» **ACTIVITY**
Starting at the line below with "this 1344×896 image." and stopping at the line with "this 1280×853 image.", please print each line exactly, those two included, and skip every picture.

» **SUPPLIED INFORMATION**
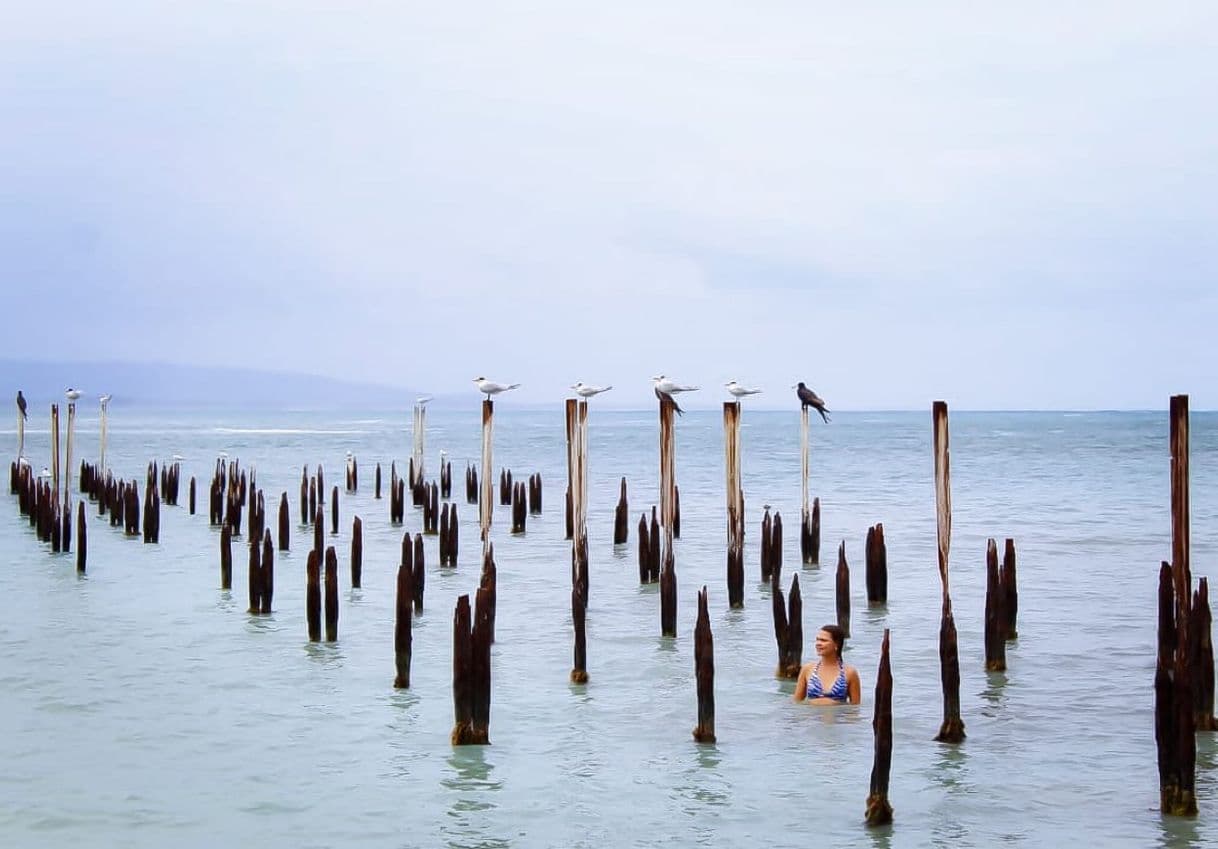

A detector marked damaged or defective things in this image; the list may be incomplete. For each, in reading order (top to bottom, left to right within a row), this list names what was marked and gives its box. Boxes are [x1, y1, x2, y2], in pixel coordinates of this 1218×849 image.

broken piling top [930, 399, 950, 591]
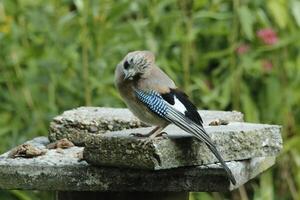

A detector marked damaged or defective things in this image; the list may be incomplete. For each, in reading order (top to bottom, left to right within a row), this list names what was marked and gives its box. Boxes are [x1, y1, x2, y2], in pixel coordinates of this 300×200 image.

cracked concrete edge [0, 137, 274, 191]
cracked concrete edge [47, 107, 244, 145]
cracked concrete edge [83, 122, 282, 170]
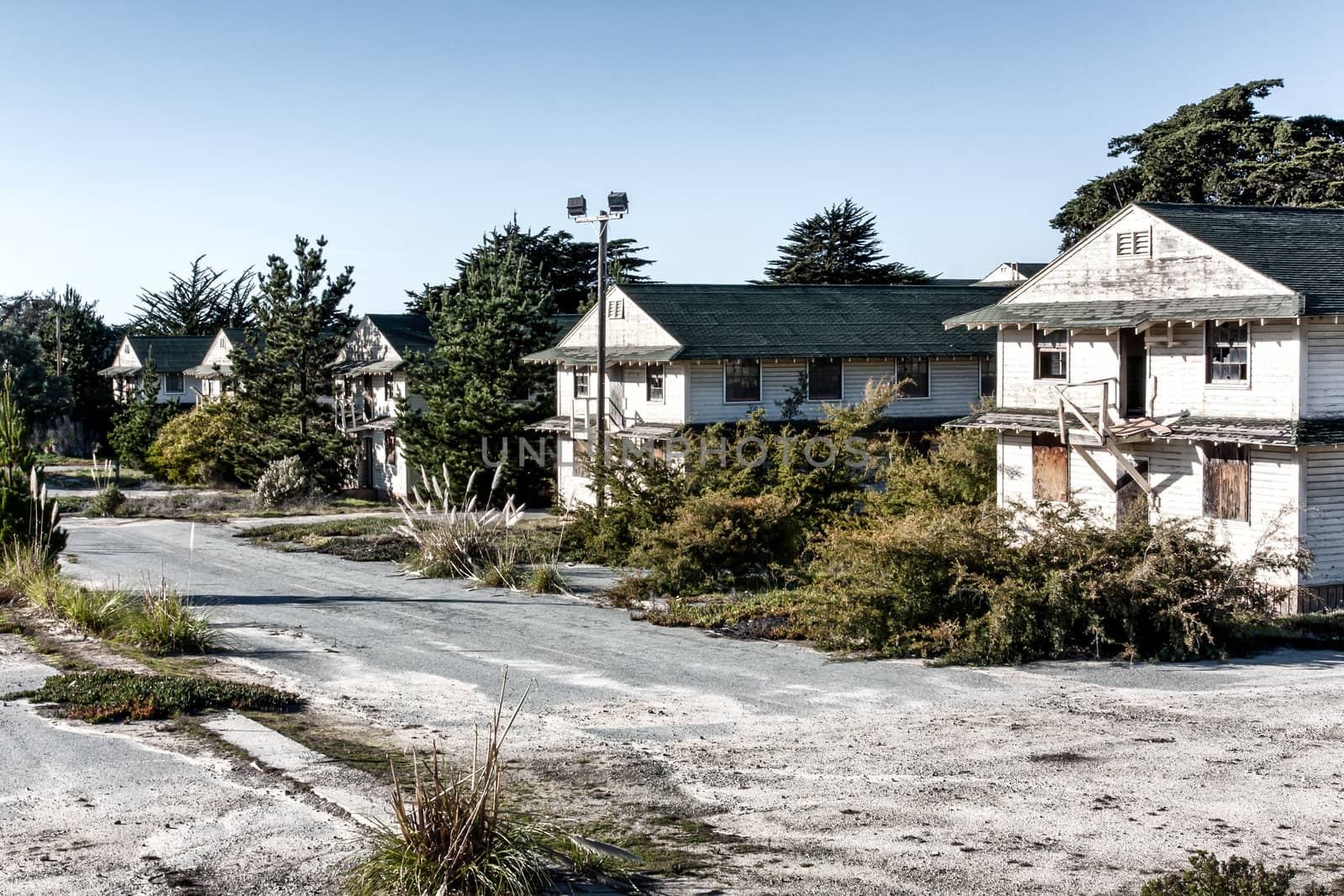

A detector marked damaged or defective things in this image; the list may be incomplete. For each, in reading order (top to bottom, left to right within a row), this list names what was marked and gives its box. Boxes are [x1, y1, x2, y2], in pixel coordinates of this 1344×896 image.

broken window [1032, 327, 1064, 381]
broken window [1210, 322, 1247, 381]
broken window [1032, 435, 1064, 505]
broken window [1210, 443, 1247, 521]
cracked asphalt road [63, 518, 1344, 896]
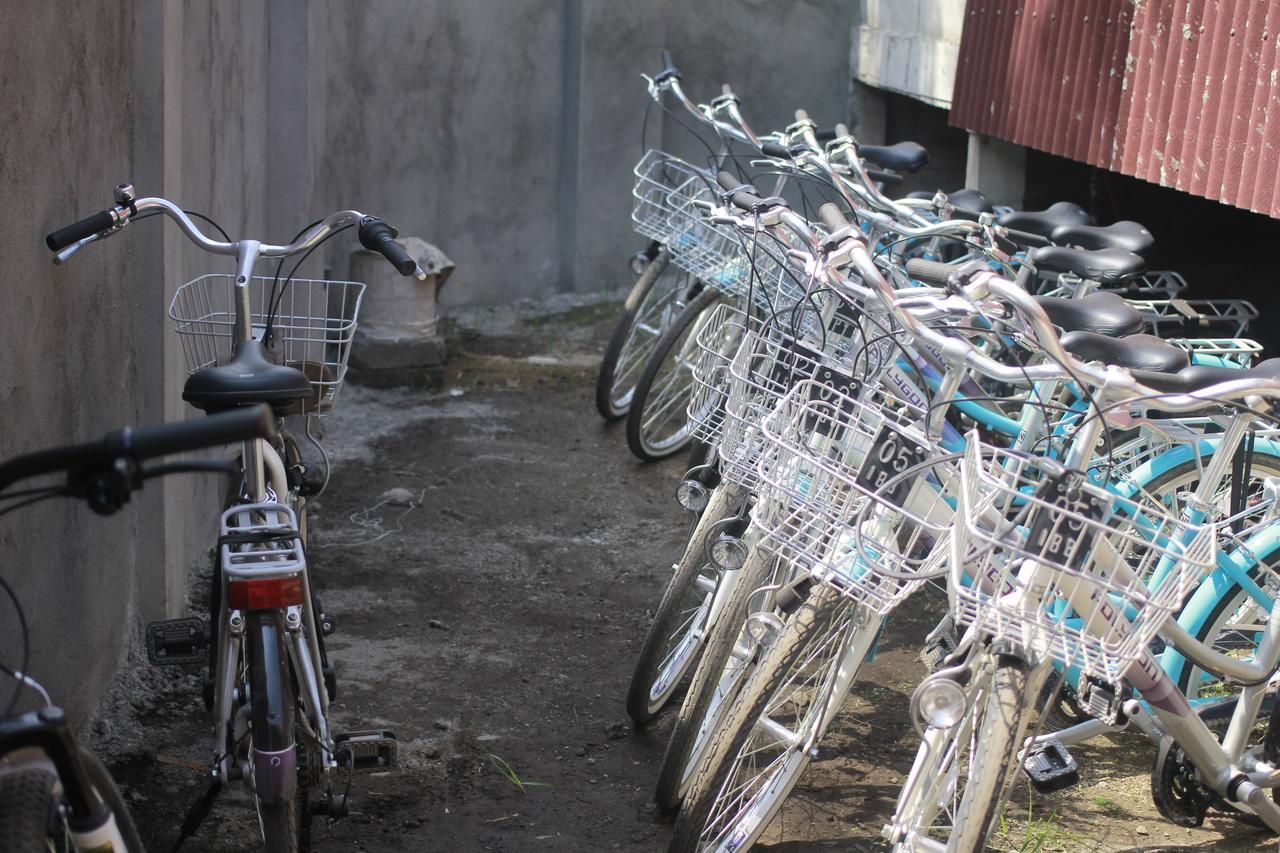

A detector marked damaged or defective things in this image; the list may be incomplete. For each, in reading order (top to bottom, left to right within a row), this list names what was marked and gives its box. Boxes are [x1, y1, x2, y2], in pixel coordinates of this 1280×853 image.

==

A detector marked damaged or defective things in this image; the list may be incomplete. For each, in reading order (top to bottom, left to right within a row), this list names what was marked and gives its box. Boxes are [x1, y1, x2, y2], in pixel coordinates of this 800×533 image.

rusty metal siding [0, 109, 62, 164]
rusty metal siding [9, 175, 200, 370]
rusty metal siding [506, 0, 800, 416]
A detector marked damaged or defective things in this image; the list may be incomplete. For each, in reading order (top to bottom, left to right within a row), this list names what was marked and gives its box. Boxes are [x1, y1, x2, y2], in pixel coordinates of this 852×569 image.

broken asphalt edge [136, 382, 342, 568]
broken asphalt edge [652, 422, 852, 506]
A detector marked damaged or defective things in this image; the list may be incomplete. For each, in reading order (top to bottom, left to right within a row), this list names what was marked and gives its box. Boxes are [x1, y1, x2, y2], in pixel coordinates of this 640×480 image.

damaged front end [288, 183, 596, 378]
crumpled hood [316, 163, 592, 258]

» **WRITTEN RESPONSE**
A detector marked damaged or defective things in this image; the list may be incomplete. For each, in reading order (top to bottom, left to right within a row), this list names what was marked and gives its box. Boxes are [x1, y1, x2, y2], in pixel coordinates of this 1344×896 image.

broken window [1032, 327, 1064, 381]
broken window [1210, 322, 1247, 381]
broken window [1032, 435, 1064, 505]
broken window [1210, 443, 1247, 521]
cracked asphalt road [63, 518, 1344, 896]

A detector marked damaged or defective things in this image; the list may be incomplete. For each, in reading order (top to bottom, left to right within a row), this list names what was marked and gives its box. Boxes are [x1, y1, x2, y2], in pixel coordinates of this 1280×853 image.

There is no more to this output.